##### DATA FOR THIS TASK
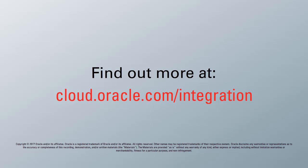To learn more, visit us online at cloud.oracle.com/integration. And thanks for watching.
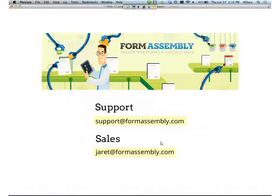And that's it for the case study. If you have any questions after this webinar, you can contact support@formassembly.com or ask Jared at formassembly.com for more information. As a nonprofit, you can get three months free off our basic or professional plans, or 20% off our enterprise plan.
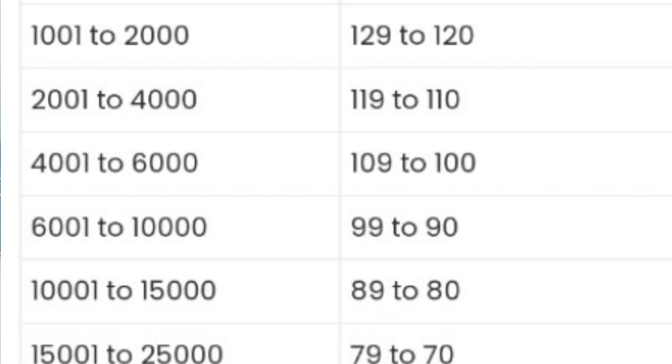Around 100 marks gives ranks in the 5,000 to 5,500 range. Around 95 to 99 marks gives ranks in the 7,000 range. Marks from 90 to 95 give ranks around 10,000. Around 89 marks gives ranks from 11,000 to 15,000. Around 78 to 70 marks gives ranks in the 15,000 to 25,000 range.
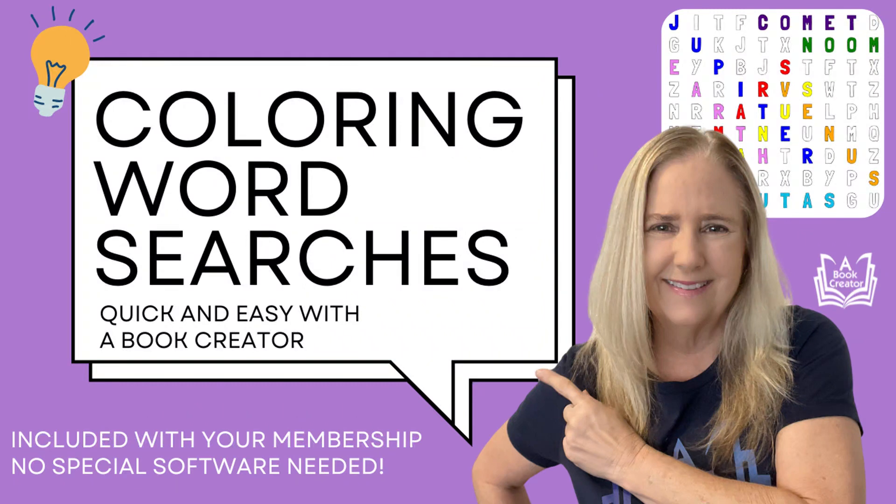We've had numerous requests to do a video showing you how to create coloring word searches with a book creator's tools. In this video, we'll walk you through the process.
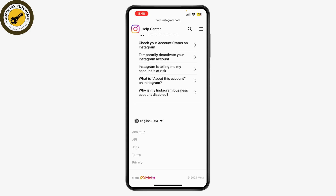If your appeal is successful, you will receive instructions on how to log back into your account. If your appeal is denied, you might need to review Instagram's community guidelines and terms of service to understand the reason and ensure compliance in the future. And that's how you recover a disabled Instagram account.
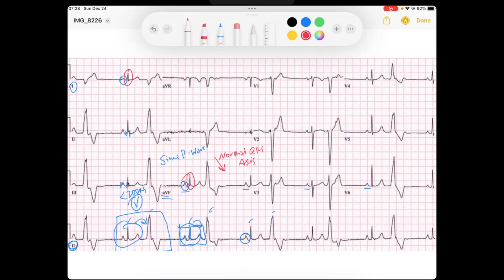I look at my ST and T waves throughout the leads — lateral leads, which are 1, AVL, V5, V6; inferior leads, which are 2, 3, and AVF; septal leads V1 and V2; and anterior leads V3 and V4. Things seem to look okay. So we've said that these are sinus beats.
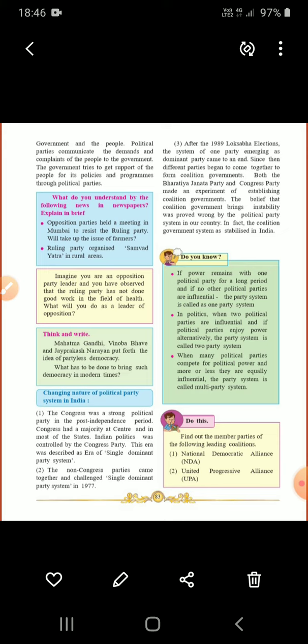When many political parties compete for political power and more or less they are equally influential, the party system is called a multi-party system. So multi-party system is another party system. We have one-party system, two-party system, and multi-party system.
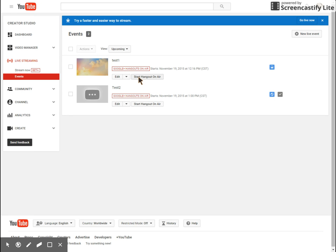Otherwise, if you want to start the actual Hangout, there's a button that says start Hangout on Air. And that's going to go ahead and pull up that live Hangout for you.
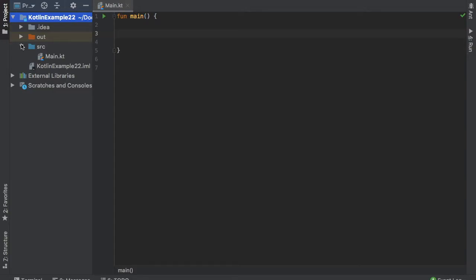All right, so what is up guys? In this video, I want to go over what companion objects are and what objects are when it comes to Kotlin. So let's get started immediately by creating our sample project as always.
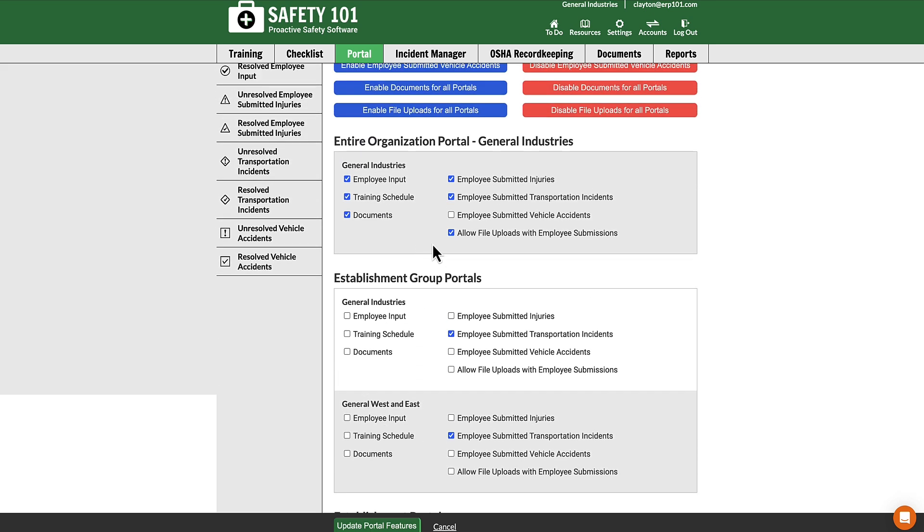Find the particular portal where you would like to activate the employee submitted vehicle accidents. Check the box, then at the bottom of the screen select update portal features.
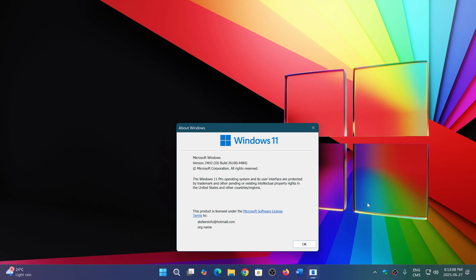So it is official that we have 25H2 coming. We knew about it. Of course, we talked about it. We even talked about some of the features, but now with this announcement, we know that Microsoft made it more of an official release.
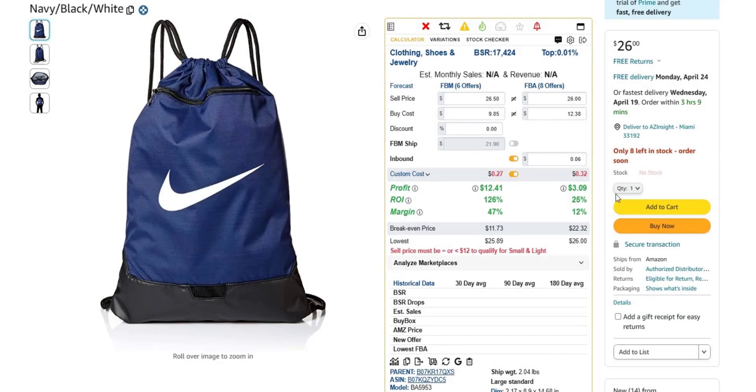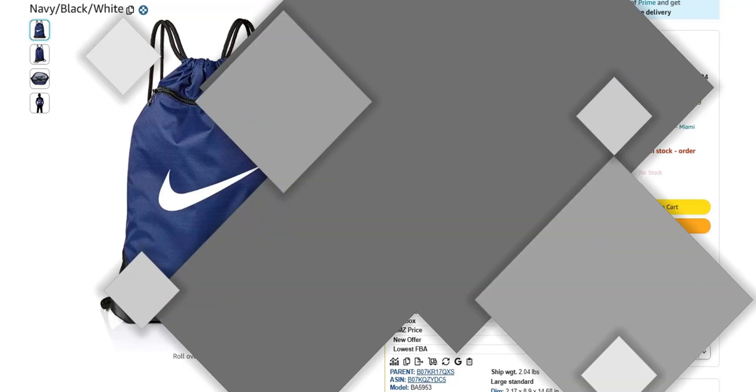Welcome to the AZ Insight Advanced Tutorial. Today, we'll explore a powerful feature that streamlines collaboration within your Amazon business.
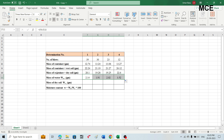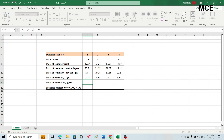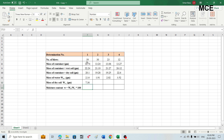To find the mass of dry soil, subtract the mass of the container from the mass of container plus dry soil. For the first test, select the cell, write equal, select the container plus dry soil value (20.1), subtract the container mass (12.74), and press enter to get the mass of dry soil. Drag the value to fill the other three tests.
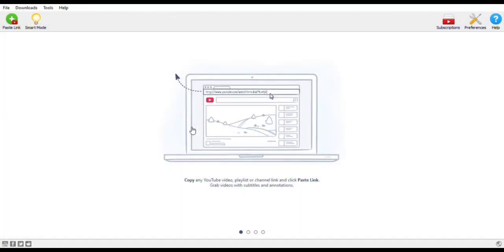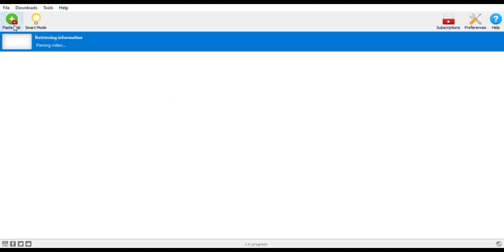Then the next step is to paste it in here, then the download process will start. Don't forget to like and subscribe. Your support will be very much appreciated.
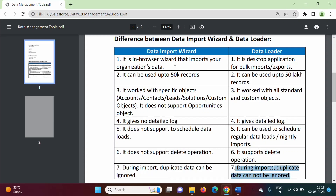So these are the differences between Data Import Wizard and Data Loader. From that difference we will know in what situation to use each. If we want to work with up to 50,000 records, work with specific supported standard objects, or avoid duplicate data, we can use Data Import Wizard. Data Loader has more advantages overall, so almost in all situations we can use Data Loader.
##########
TASK DESCRIPTION> The images in the entries above should be left out; please reproduce exactly the lines from the first through the one containing "And that's it".

EXERCISE RESPONSE>
To learn more, visit us online at cloud.oracle.com/integration. And thanks for watching.
And that's it for the case study. If you have any questions after this webinar, you can contact support@formassembly.com or ask Jared at formassembly.com for more information. As a nonprofit, you can get three months free off our basic or professional plans, or 20% off our enterprise plan.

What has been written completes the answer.